Ex4: 2010/11: ACS P35 SoC D/M Week 7 Exercise. 10 Credit Marks.


Mini-Project part I:   

This exercise again involves the OR1K non-blocking TLM model. (Part II of the mini-project development will be part of Ex5):   

Select one of the tasks you looked at for Ex3 or choose another IP
block of your own design or from list in Ex3.  Recalling that the highest-level
ESL model enables firmware to be compiled directly with the behavioural model
of the device (grail slide), ensure that the main functions of your IP block are directly
callable as C++ methods (as well as being callable as TLM targets).


By extending main.cpp from the btlm-ref-design or otherwise, create a
System-On-Chip containing one (or more) OR1K processors and two or more
of your chosen IP block plus any other IP blocks needed.

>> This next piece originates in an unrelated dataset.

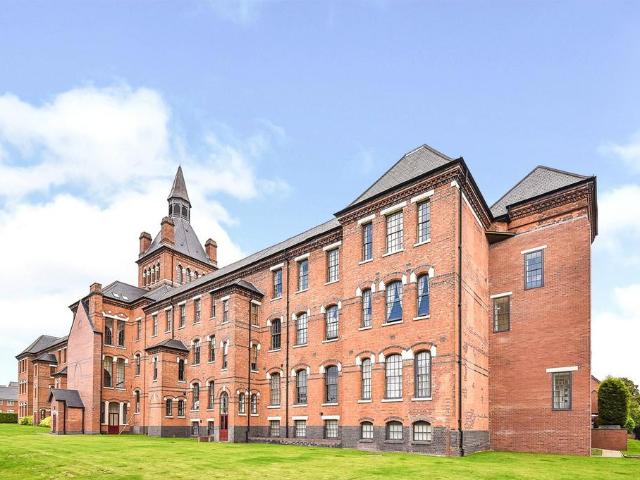 Flat for sale in Gravelly Hill, West Midlands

Optional part: Implement two modelling styles for your on chip
network: one where queuing contention is directly modelled (i.e. one
transaction has to wait for another) and the other where contention is
measured and an estimate is added to time delays.  Use a #define to
switch between the modelling styles.

Write and run a test application program on the OR1K core, along with
any device drivers, that generates traffic for your IP blocks.  Your device driver
code should be modifiable with a #define so that it may either be compiled 
to OR1K machine code to run on the ISS, or so that it may be compiled along with
the behavioural model of your IP block as a single program.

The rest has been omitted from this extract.